A SCARBOROUGH man who returned to drug dealing to help settle his girlfriend’s debts and buy his grandchildren Christmas presents has been jailed for five-and-a-half years.
Paul Ludford, 40, who was said at York Crown Court to have a “miserable, miserable” previous history involving drugs, burglary, violence and motoring matters, had pleaded not guilty to a charge of burglary.
However, after the jury was sworn in, he offered a guilty plea to handling items from the Scarborough burglary which was accepted by the prosecution.
Ludford, of Trafalgar Square, then fell to be sentenced on two admitted charges of supplying drugs in the town.
His counsel, Richard Woolfall, told the court that the ex-heroin addict, had turned to “doing what is not an isolated position” in Scarborough of selling drugs on behalf of others, in order to help both his girlfriend, who was being threatened by drug dealers because of what she owed them, and to pay for presents.
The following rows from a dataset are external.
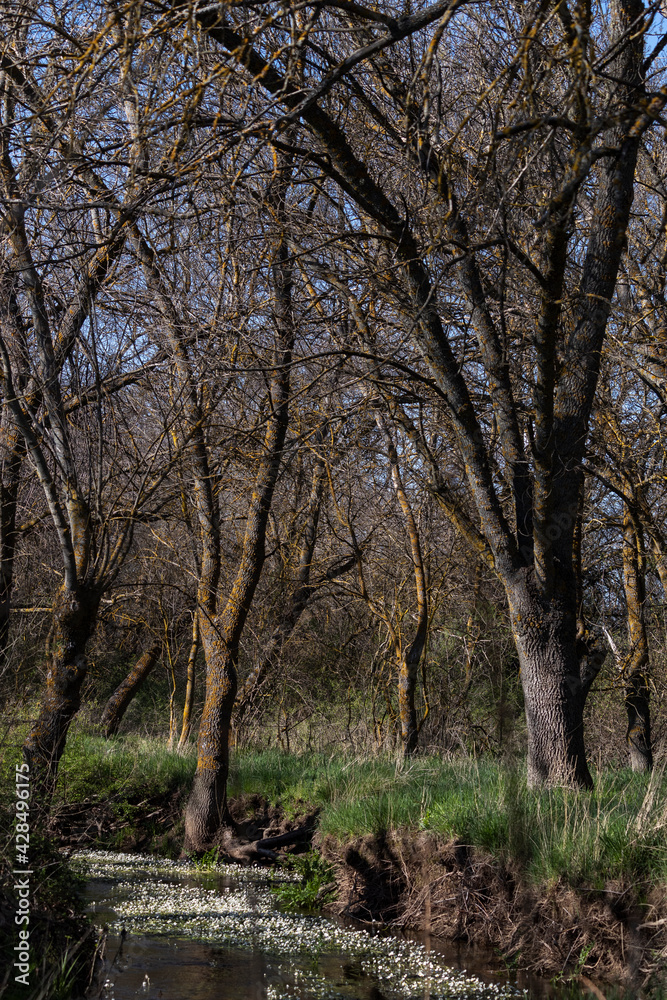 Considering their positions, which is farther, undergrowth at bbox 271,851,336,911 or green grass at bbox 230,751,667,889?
undergrowth at bbox 271,851,336,911

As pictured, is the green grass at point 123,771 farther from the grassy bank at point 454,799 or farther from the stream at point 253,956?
the stream at point 253,956

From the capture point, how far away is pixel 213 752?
9.59m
David Garnett, prosecuting, told how police called to the scene of a burglary in Nelson Street on the night of February 24 this year, found Ludford on the street corner, drinking from a bottle of wine from the burgled house and close to a TV which was also part of the haul.
Searches at his girlfriend’s home in Nelson Street, and at Ludford’s own home, uncovered all the other items from the burglary.
Ludford’s response to being quizzed by the police about the burglary was “prove it” said Mr Garnett, who added that the admitted handling of the property by the defendant was a breach of his bail on the drug offences.
Mr Garnett said that Ludford was seen by police officers handing out drugs to several people and, when approached, ran off, throwing wraps of the drugs as he went.
The court heard that the drugs involved totalled a maximum of £1,225 in value.
Mr Woolfall told the court that, after serving his last sentence for burglary, his client had tried to stay away from drugs and offending, but, after finding out that his new girlfriend was in considerable debt to drug dealers, returned to his old ways.
Passing sentence, Judge Michael Mettyear described Ludford’s previous criminal history as both “terrible” and “a miserable, miserable” record.
He added that drugs cause misery in all sorts of ways, not only for those who take them but for the victims of the crimes committed by those using them in order to fund their habits.
Judge Mettyear also told Ludford that handlers of stolen property were as responsible as burglars for causing lasting effects on the victims whose homes had been entered and their personal items gone through.